Studio album by the Decemberists
- Released: March 22, 2005 (US)
- Recorded: August–September 2004
- Genres: Indie rock; folk rock; baroque pop;
- Length: 53:07
- Label: Kill Rock Stars
- Producers: The Decemberists, Chris Walla

The Decemberists chronology
| The Tain (2004) | Picaresque (2005) | Picaresqueties (2005) |

Singles from Picaresque
- "Sixteen Military Wives" Released: November 21, 2005;

= Picaresque (album) =

Picaresque is the third studio album from the Decemberists. It was released in 2005 on the Kill Rock Stars record label. The word "picaresque" refers to a form of satirical prose originating in Spain, depicting realistically and often humorously the adventures of a low-born, roguish hero living by their wits in a corrupt society.

==Recording==
The album was recorded at the Prescott Church in northeast Portland, which the band rented for one month in the summer of 2004. To facilitate the creative process and avoid creative block, band members filled a used bike helmet with slips of paper listing strategies and ideas to try out. Non-traditional rock instruments used in the album's recording included an accordion and a hurdy-gurdy. The album was produced by Chris Walla, also the guitarist for the band Death Cab for Cutie.

==Release==
The album includes the track "Sixteen Military Wives", the music video of which was distributed by the band via BitTorrent. A double vinyl version was released in the United States that contained the album on the first three sides with an EP of outtakes named Picaresqueties on the fourth side. This EP was the band's final release for the Kill Rock Stars label. In Europe, a single-disc vinyl version was released on Rough Trade without the Picaresqueties EP; the first six tracks appear on Side A, and the final five are on Side B.

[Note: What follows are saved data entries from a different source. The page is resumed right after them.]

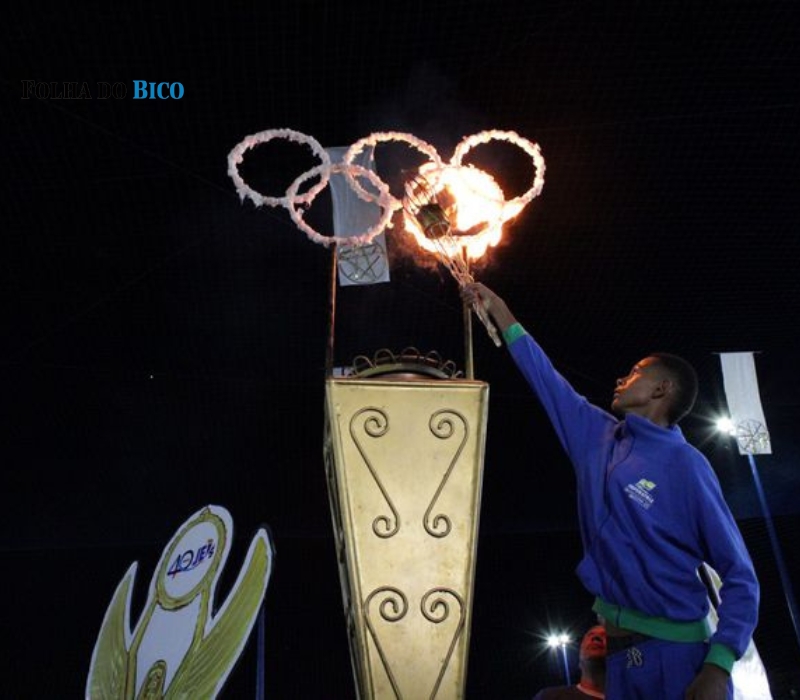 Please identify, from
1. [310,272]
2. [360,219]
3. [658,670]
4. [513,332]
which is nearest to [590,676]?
[658,670]

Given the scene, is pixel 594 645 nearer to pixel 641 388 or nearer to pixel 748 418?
pixel 641 388

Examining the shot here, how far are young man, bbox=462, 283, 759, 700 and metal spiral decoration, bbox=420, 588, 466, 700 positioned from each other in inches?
12.8

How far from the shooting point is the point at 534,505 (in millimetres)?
6688

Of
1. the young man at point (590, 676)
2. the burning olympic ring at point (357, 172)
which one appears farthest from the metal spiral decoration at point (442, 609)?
the young man at point (590, 676)

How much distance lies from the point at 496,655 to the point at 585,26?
253 inches

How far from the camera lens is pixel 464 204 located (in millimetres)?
2039

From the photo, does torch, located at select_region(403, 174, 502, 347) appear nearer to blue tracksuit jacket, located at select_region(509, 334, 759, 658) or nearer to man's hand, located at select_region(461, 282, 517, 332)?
man's hand, located at select_region(461, 282, 517, 332)

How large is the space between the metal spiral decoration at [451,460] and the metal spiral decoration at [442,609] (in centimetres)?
10

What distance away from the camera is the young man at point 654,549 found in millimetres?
1253

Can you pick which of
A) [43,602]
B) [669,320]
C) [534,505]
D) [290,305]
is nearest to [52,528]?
[43,602]

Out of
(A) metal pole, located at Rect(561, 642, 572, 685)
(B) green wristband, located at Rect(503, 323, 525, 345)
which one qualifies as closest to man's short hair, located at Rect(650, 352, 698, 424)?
(B) green wristband, located at Rect(503, 323, 525, 345)

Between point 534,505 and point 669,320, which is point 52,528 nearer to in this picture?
point 534,505

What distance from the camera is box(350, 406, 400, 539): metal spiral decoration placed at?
1.23 meters

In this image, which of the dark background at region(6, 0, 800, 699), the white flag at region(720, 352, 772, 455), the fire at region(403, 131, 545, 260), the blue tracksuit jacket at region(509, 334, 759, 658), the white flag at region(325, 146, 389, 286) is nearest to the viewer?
the blue tracksuit jacket at region(509, 334, 759, 658)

A limited edition tenth anniversary pressing of the album on red vinyl was released for Record Store Day 2015. It was formatted as three sides, with the tracks from the Picaresqueties EP as the fourth side.

As of September 2006 it has sold 123,000 units in United States.

==Reception==

Picaresque has a rating of 81/100 on Metacritic, indicating "universal acclaim". The album reached number 5 on the Billboard Heatseekers chart, and number 128 on the Billboard 200. Pitchfork placed Picaresque at number 143 on their list of top 200 albums of the 2000s.

Professional ratings
Aggregate scores
| Source | Rating |
| Metacritic | 81/100 |
Review scores
| Source | Rating |
| AllMusic | Star |
| Alternative Press | 5/5 |
| Blender | Star |
| Entertainment Weekly | A− |
| The Guardian | Star |
| Houston Chronicle | Star |
| NME | 4/10 |
| Pitchfork | 8.3/10 |
| Rolling Stone | Star Half star |
| Spin | B+ |

==Track listing==
All songs written by Colin Meloy.

| No. | Title | Length |
|---|---|---|
| 1. | "The Infanta" | 5:08 |
| 2. | "We Both Go Down Together" | 3:04 |
| 3. | "Eli, the Barrow Boy" | 3:11 |
| 4. | "The Sporting Life" | 4:38 |
| 5. | "The Bagman's Gambit" | 7:02 |
| 6. | "From My Own True Love (Lost at Sea)" | 3:42 |
| 7. | "Sixteen Military Wives" | 4:53 |
| 8. | "The Engine Driver" | 4:15 |
| 9. | "On the Bus Mall" | 6:04 |
| 10. | "The Mariner's Revenge Song" | 8:46 |
| 11. | "Of Angels and Angles" | 2:28 |
| Total length: |  | 53:07 |

==Personnel==
The Decemberists
- Colin Meloy – lead vocals, rhythm guitar
- Chris Funk – lead guitar, steel guitar, backing vocals
- Jenny Conlee – keyboards, accordion, backing vocals
- Nate Query – bass, backing vocals
- Rachel Blumberg – drums, backing vocals

Additional musicians
- Petra Haden – violin, backing vocals
- Chris Walla – electric guitar
- Paul Brainard – trumpet
- Tom Hill – trombone
- Joe Cunningham – saxophone
- Aaron Stewart – tam-tam
- Jeff London – shofar
- Eric Stern – operatic tenor

==Uses in media==
The Mad Men episode "Maidenform" opened with a montage set to a segment of the song "The Infanta".